* _EXERCISE DESCRIPTION_:
Reproduce every entry that follows word for word, but omit the images.

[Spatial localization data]
┏━━

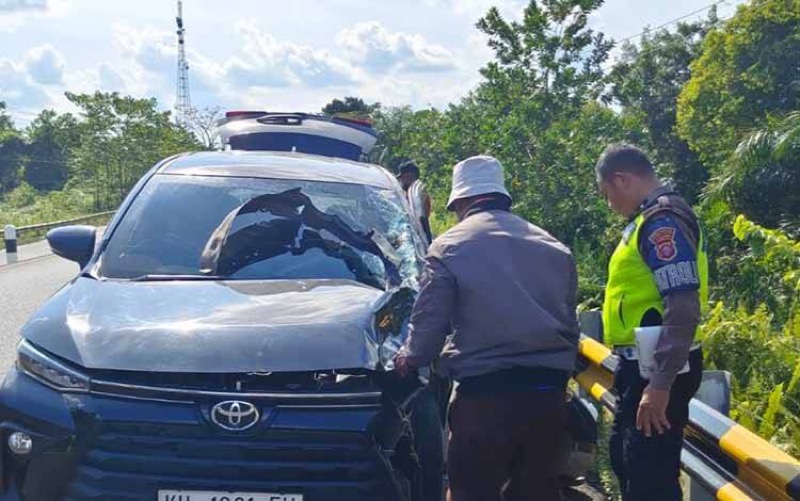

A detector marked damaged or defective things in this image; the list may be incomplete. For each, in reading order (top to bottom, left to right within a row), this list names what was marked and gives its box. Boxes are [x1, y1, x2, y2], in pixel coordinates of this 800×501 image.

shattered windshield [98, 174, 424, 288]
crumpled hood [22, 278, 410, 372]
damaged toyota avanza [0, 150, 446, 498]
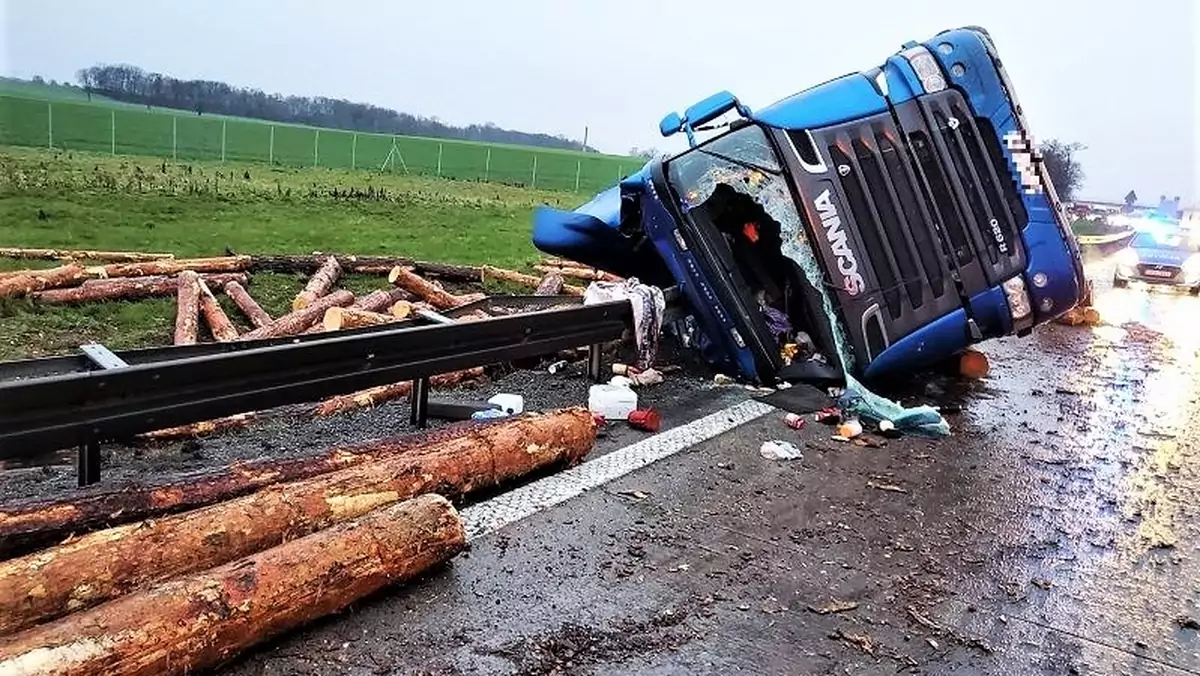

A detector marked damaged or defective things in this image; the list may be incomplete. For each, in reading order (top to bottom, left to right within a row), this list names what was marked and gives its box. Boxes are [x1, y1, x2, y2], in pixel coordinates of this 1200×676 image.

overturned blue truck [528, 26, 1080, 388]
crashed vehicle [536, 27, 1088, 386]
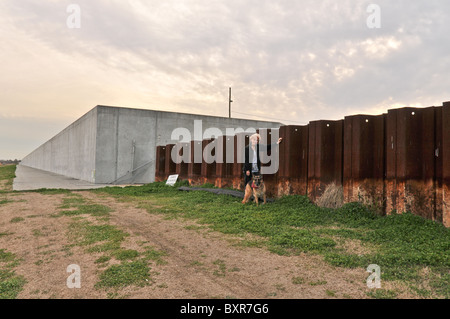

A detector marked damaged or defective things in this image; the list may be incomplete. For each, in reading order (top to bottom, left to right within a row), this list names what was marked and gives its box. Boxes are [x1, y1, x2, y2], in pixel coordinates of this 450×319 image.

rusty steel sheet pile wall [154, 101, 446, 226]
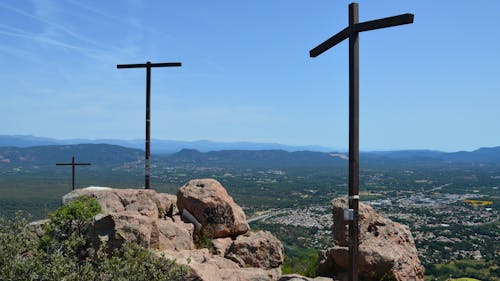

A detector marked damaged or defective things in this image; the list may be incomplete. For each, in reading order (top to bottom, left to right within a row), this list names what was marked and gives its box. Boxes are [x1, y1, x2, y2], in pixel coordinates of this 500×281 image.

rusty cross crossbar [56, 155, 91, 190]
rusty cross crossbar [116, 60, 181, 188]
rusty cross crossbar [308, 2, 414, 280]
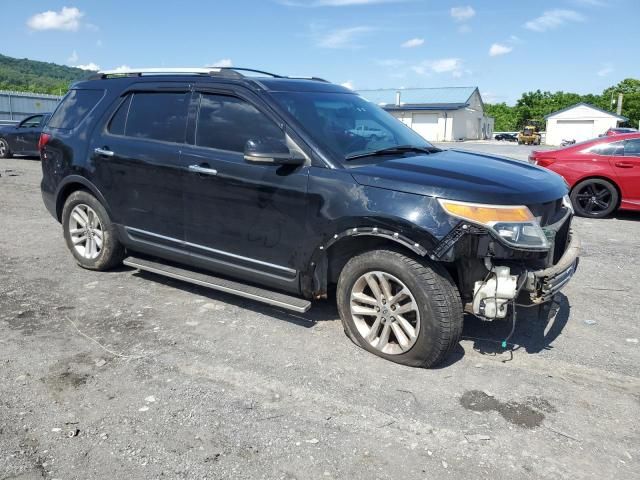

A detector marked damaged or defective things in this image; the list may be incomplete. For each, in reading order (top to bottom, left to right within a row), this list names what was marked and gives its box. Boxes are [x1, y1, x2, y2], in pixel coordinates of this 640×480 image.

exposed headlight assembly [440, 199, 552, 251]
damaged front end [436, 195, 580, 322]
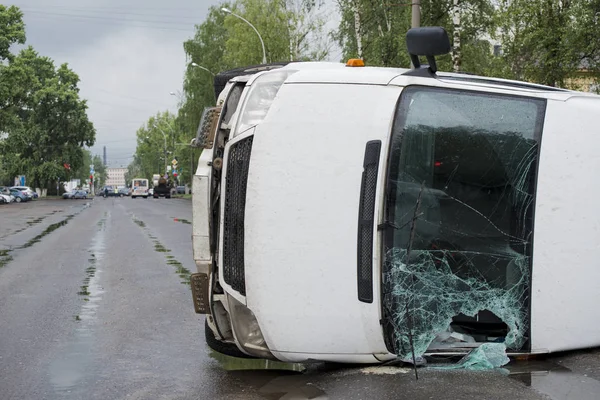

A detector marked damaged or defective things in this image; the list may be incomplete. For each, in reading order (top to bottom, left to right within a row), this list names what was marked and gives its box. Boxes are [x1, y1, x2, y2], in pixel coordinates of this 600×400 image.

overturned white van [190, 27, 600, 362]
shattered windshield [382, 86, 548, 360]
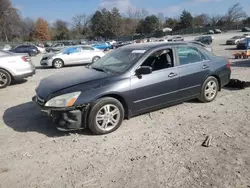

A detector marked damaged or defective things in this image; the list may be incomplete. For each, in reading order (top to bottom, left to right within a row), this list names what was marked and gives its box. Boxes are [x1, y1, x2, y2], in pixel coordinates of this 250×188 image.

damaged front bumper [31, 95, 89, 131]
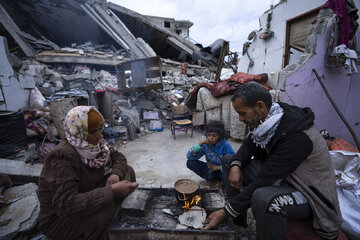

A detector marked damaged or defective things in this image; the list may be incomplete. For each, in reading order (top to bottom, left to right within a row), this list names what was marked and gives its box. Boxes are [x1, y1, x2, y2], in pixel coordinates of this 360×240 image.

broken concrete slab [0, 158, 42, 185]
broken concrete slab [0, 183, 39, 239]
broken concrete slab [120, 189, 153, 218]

┗━━

* _TASK RESULT_:
A detector marked damaged or defective things in this image; the list may be incomplete. For each, in reading order (top to bottom, left to right within a row), this list names what was marked and gives its box. Boxes are [x1, y1, x2, y2], in pixel coordinates of this 800×501 image.

shattered windshield [98, 174, 424, 288]
crumpled hood [22, 278, 410, 372]
damaged toyota avanza [0, 150, 446, 498]

A detector marked damaged or defective things in this image; the list may be incomplete. For each, in reading order (top to bottom, left to right within a row), this list names what was marked and gives its box. Boxes are [x1, y1, x2, y2], in pixel coordinates of this 1200×676 image.

overturned blue truck [528, 26, 1080, 388]
crashed vehicle [536, 27, 1088, 386]

A detector marked damaged or defective things in this image; the list may be incomplete. For each, in reading order (top to bottom, left to right within a row), this list names what was marked and gives its box. Boxes are [x1, y1, x2, y2], in pixel coordinates of this 450×319 image.

rusty steel sheet pile wall [154, 101, 446, 226]

A detector marked damaged or defective things in this image; the list may be incomplete. For each, in reading order (top to bottom, left to right within a row), this list names what was marked and gives its box. Boxes are [x1, y1, x2, y2], in pixel coordinates of this 500×281 image.

rusty cross crossbar [56, 155, 91, 190]
rusty cross crossbar [116, 60, 181, 188]
rusty cross crossbar [308, 2, 414, 280]

A detector marked damaged or defective things in this image; the list may be incomplete. For each, in reading order (top to bottom, left to right within a row), this list names what was marked and gives its box. Boxes are [x1, y1, x2, y2], in pixel coordinates of this 640×480 image.

exposed headlight assembly [440, 199, 552, 251]
damaged front end [436, 195, 580, 322]

A detector marked damaged or defective things in this image; the list may be incomplete. For each, in reading order (top to bottom, left to right within a row), this list names what was marked and gives its box. Boxes are [x1, y1, x2, y2], in pixel coordinates of this 600×400 image.

overturned white van [190, 27, 600, 362]
shattered windshield [382, 86, 548, 360]

A detector marked damaged or defective things in this image; the list may be incomplete. For each, in reading order (top to bottom, left to right within a row), this list names what was marked and gives its box. Boxes are [x1, y1, x2, y2], in pixel coordinates of this 250×188 image.

damaged front bumper [31, 95, 89, 131]

A detector marked damaged or defective things in this image; the list may be incomplete. For each, in reading order (top to bottom, left to right within a row), this list names what was marked and gives its box. Boxes are [x1, y1, x2, y2], in pixel coordinates of this 360×240 image.

broken concrete slab [0, 158, 42, 185]
broken concrete slab [0, 183, 39, 239]
broken concrete slab [120, 189, 153, 218]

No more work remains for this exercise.